* **Goal of the exercise**:
In the entries below, which lines run from the one with "Picture 06 - João" through the one with "How to Help an Old Dog Down Stairs"? Repeat exactly those, both included, and no pictures.

* **Data records**:
# # # # # # #
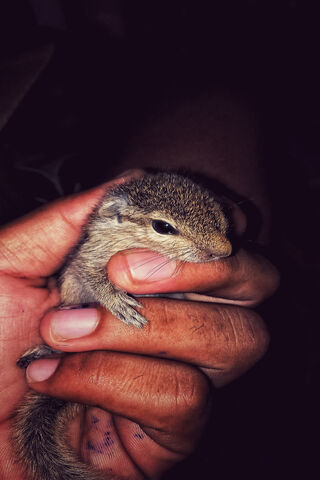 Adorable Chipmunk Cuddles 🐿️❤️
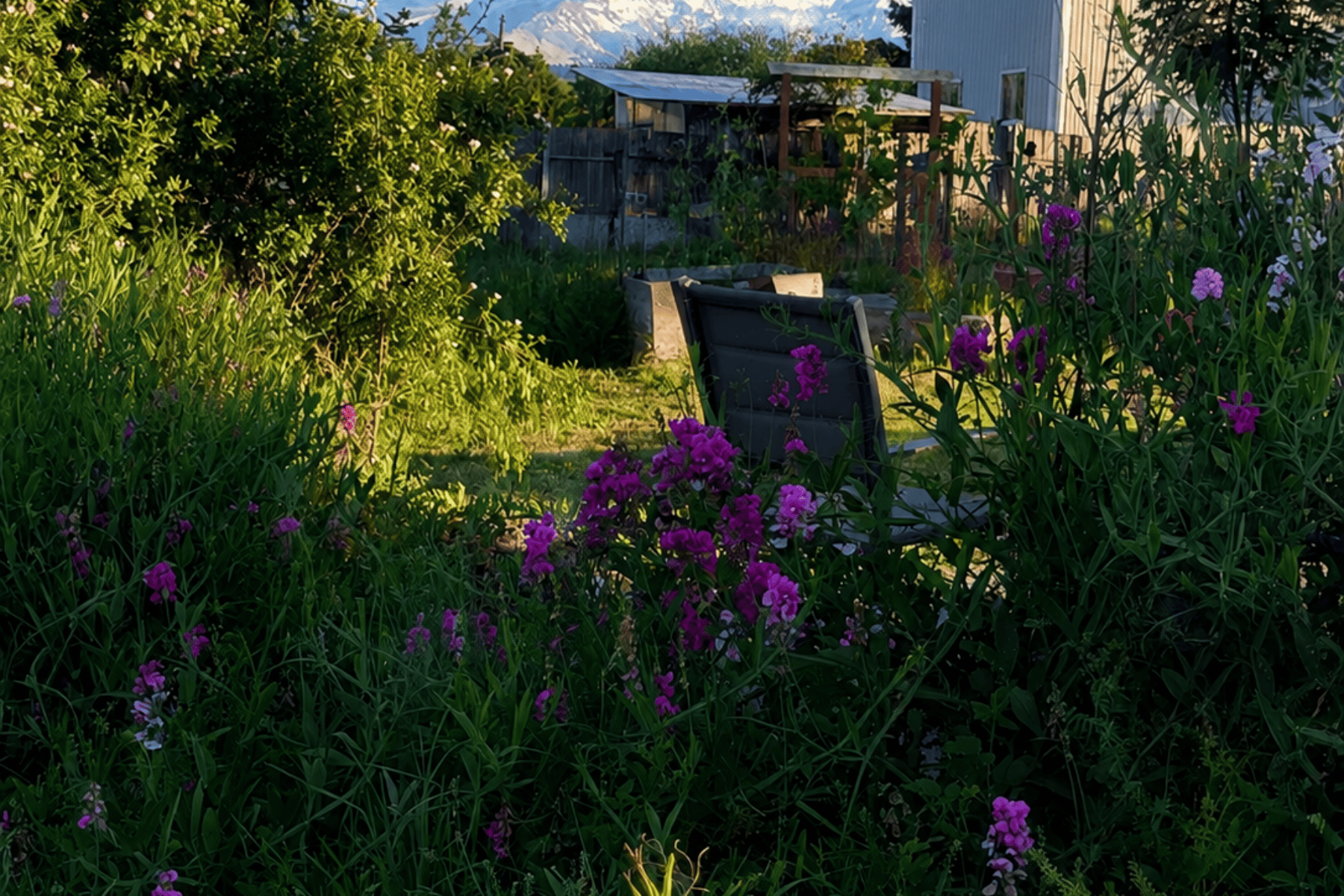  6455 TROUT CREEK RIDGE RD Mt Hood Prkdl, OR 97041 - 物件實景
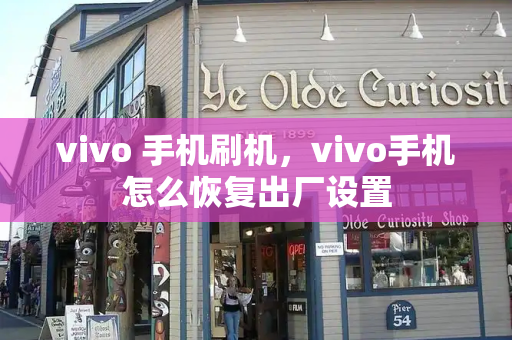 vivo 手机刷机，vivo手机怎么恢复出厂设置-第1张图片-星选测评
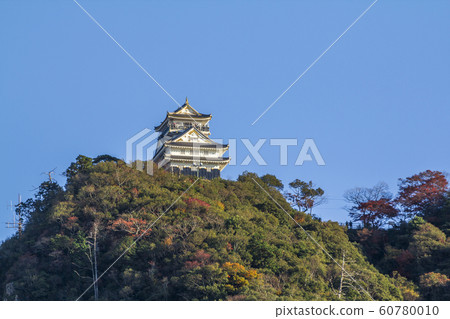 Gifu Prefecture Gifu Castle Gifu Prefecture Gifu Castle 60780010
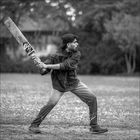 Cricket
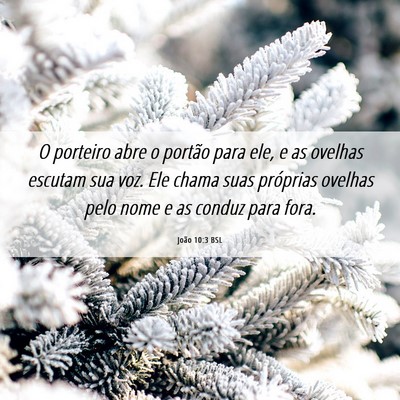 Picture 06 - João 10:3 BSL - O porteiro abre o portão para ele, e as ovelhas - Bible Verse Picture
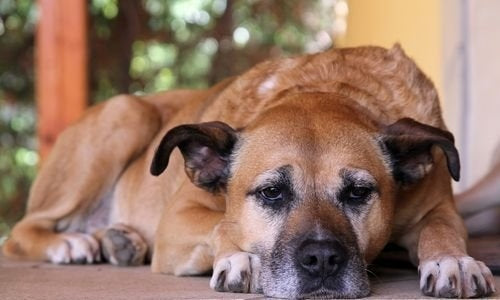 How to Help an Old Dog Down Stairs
# # # # # # #
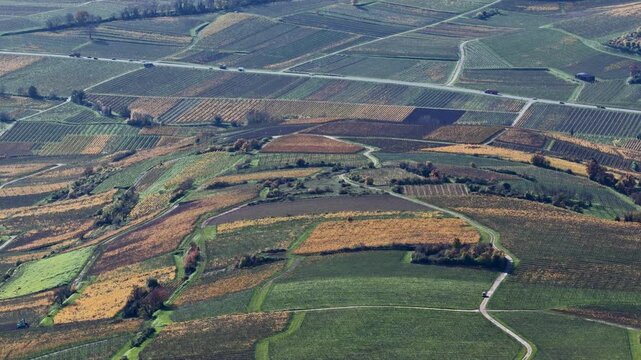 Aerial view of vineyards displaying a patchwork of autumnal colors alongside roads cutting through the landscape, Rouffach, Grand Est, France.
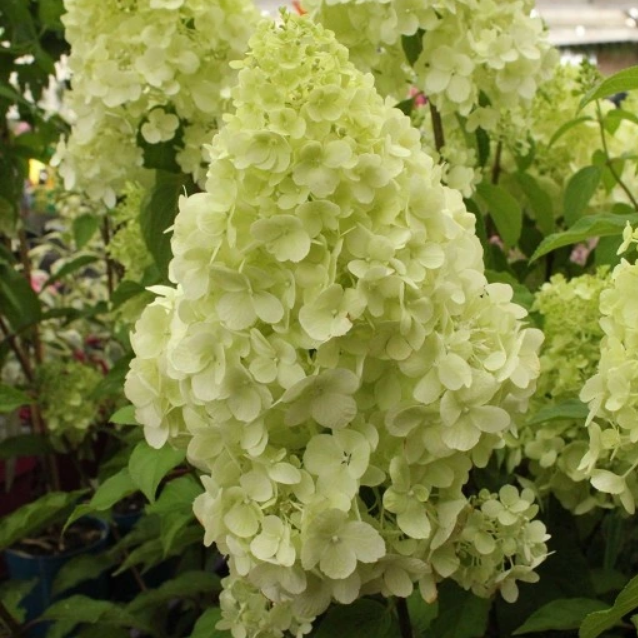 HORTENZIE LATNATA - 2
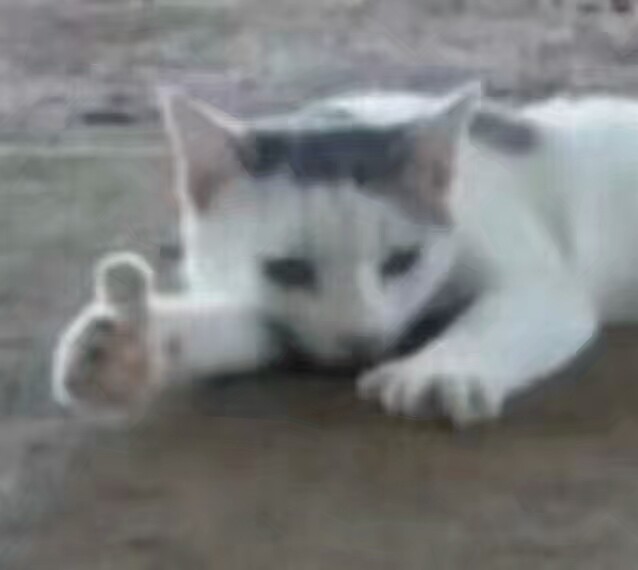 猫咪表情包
# # # # # # #
* **Expected output**:
 Picture 06 - João 10:3 BSL - O porteiro abre o portão para ele, e as ovelhas - Bible Verse Picture
 How to Help an Old Dog Down Stairs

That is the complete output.